Charla and Tara (name that reference!)'s friendship hails back to the days of yore, to nursery rhymes and toys, scrunched hair and entire cakes. Now living in two different cities, sharing our urban and semi-urban adventures. Basically, conversations about low-calorie snacks and boys, with random other things sprinkled in.

Saturday, December 02, 2006

no words

so so sorry for texting you last night! Hope I wasn't TOO much of a pain.

This situation is making me act like a crazy person. Met The Southerner and his roommates (not The Psycho) for a movie. He surprised me with yellow-cake Hostess cupcakes (obviously, best enjoyed with Diet Coke) but the whole time I wondered why he wasn't holding my hand.

Out to dinner, after the movie, during Sancerre and G&T's, we became enmeshed in one of Those Conversations.
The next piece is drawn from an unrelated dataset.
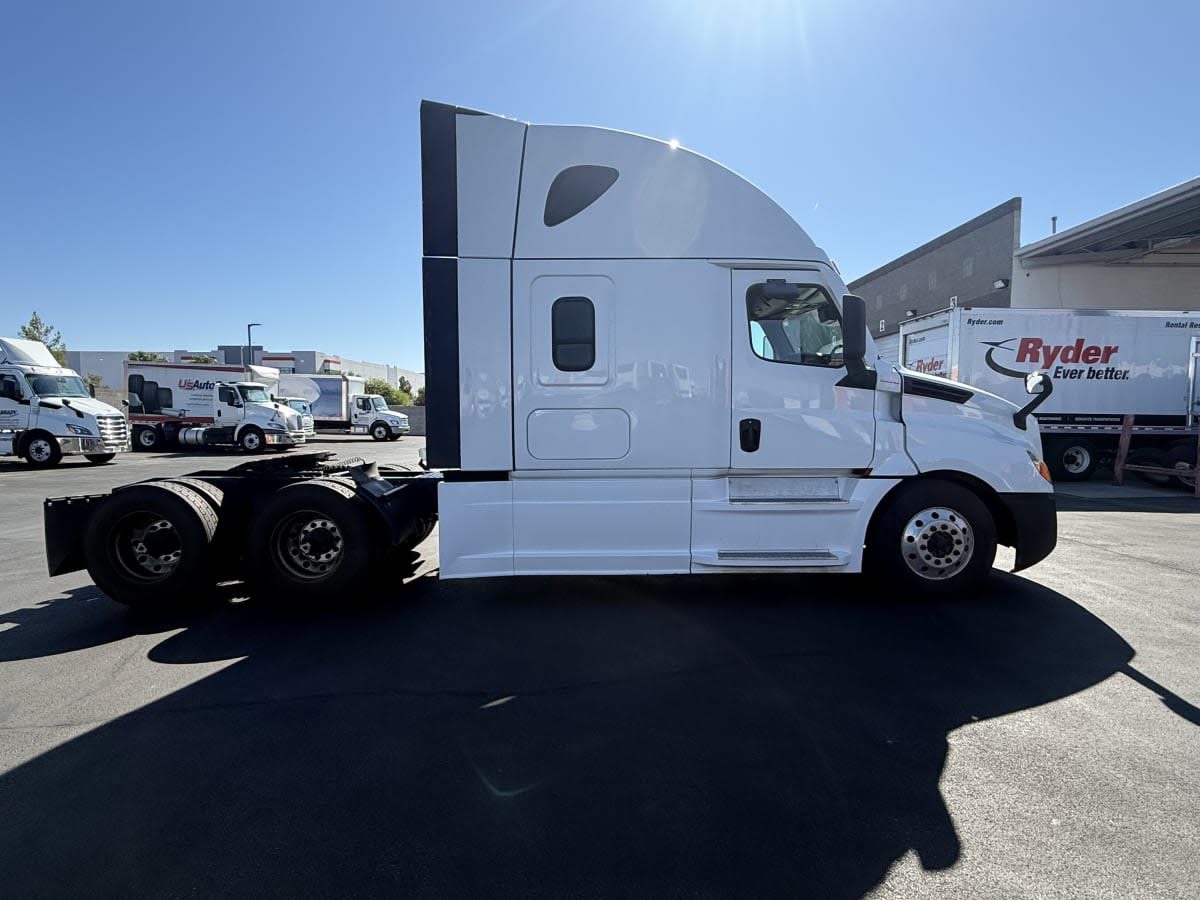2023 Freightliner/Mercedes NEW CASCADIA PX12664 574073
Me: I hate how I've been acting lately, and I can't figure out why and I can't stop myself.
Him: Lots of things are up in the air for you now. You feel insecure. You feel unsettled.

Hard to hear, but true.

We sat there for hours. We closed down the restaurant.

But what I couldn't say, because I'm still too scared, and because I'm afraid of ruining things, and because I was too drunk to articulate it properly...

Yes. I'm not living the life that I thought I would be. Things ARE unsure, things are uncertain, things are up in the air. It DOES make me feel insecure. But this.. relationship is the embodiment of that. I hate having to worry about what to call you when I RSVP for my office Christms party, or what if my dad accidentally introduces you to someone as my boyfriend when we visit NY next weekend, or whether inviting you to do X activity is too "couple-y."

....

clearly, I still don't even know what I'm trying to say.